Engaging North Carolina's Trout Anglers and Other Stakeholders to Help Conserve Eastern Hellbenders

The eastern hellbender salamander (Cryptobranchus alleganiensis alleganiensis) is a protected species of concern in North Carolina as well as in several other states. Despite long-term efforts by the North Carolina Wildlife Resources Commission (NCWRC) and cooperating partners to improve understanding of hellbender status in the state, census of all known and potential populations is lacking. The species’ dependence upon clean, cold, well-oxygenated water restricts its distribution to North Carolina’s Blue Ridge Ecoregion, overlapping much of the state’s trout fishery.
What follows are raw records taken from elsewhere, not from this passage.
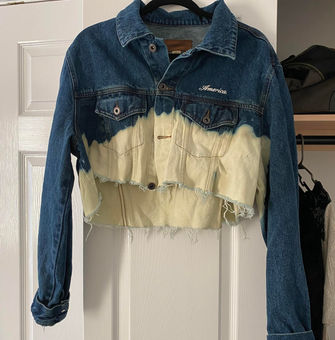 port authority jean jacket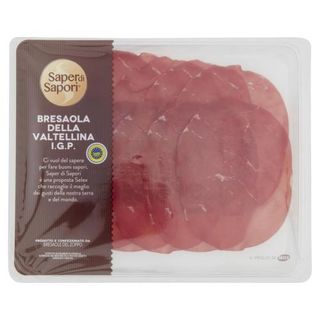 Selex Saper Di Sapori Bresaola Della Valtellina I.G.P. A Fette 90 G. - 454540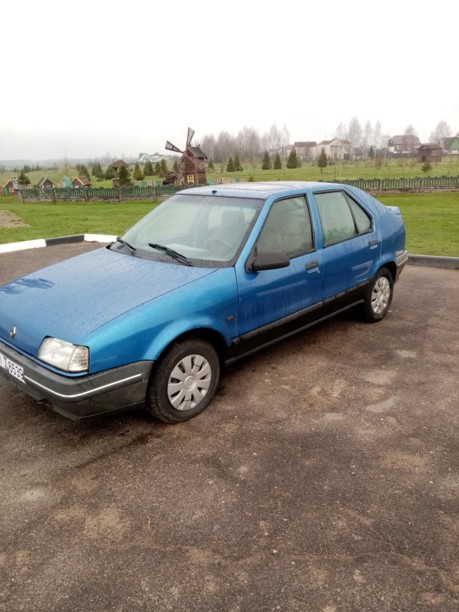 Renault 19 I, 1992 г.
This overlap presented an opportunity for the NCWRC to educate trout anglers about hellbender conservation while also offering a chance to supplement existing data of the spatial and temporal distribution of the salamander by enlisting angler help. In 2013, an advertisement within the Public Mountain Trout Waters’ portion of the North Carolina Inland Fishing, Hunting and Trapping Regulations Digest initiated direct outreach on hellbender conservation needs to trout anglers. This advertisement complemented NCWRC’s summer 2007–summer 2017 outreach efforts to a variety of stakeholders including anglers, recreationists, and landowners that included posters, streamside signage, in-person programming and information tables, popular articles, and a nine-minute online documentary. These combined efforts resulted in 207 hellbender encounter reports from stakeholders, with 127 specifically from anglers. These data represent observations in 56 streams across 17 counties, with seven reports from waters that lacked previous knowledge of hell- bender occurrence. Reports originated both from private (n = 117) and public land (n = 90). The encounter method reported most often was incidental observation (n=165). Much work remains relative to hellbender conservation, but managers should consider exploring similar resource overlaps to collect valuable distribution data, help prioritize locations for monitoring efforts, and promote conservation messages.